What you should do> Aside from the pictures, copy the listing exactly.

Raw data>
^^^^^^^^
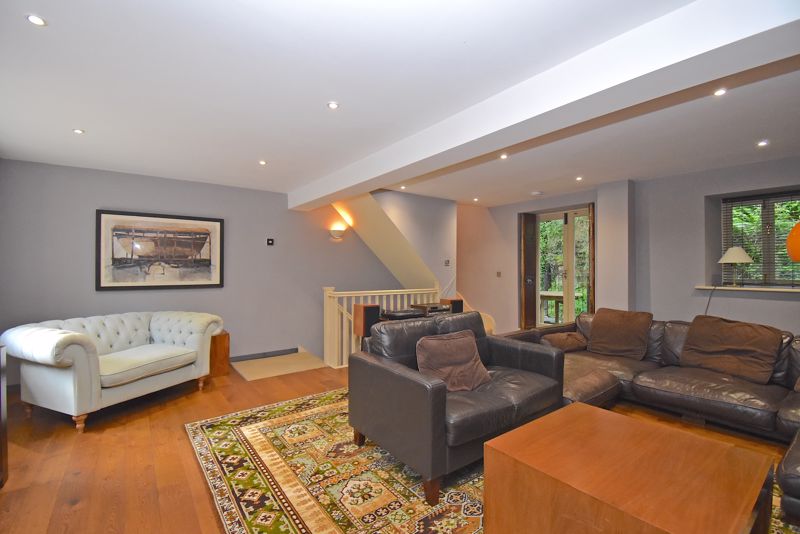 Living Room- click for photo gallery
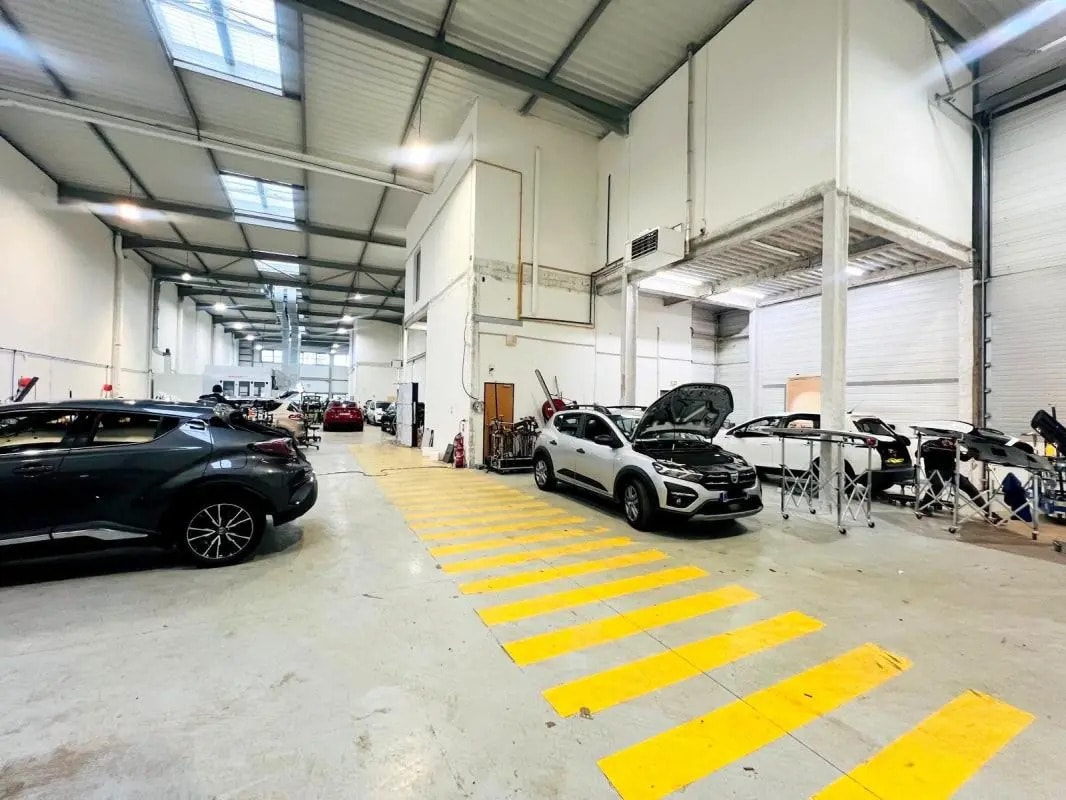 Local d’activités dans Élancourt à louer Photo de l’immeuble– Image 1 sur 14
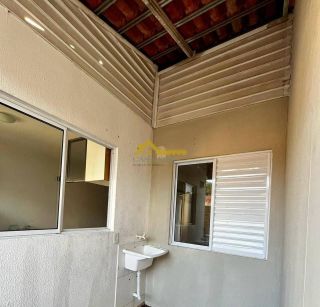 Casa em condomínio.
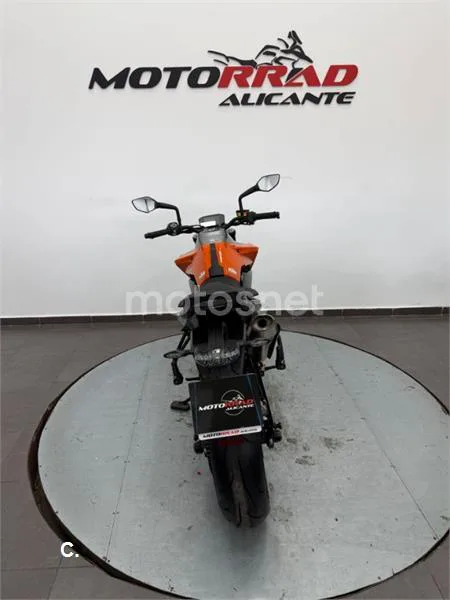 KTM 790 – Vista 4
^^^^^^^^
Exercise output>
 Living Room- click for photo gallery
 Local d’activités dans Élancourt à louer Photo de l’immeuble– Image 1 sur 14
 Casa em condomínio.
 KTM 790 – Vista 4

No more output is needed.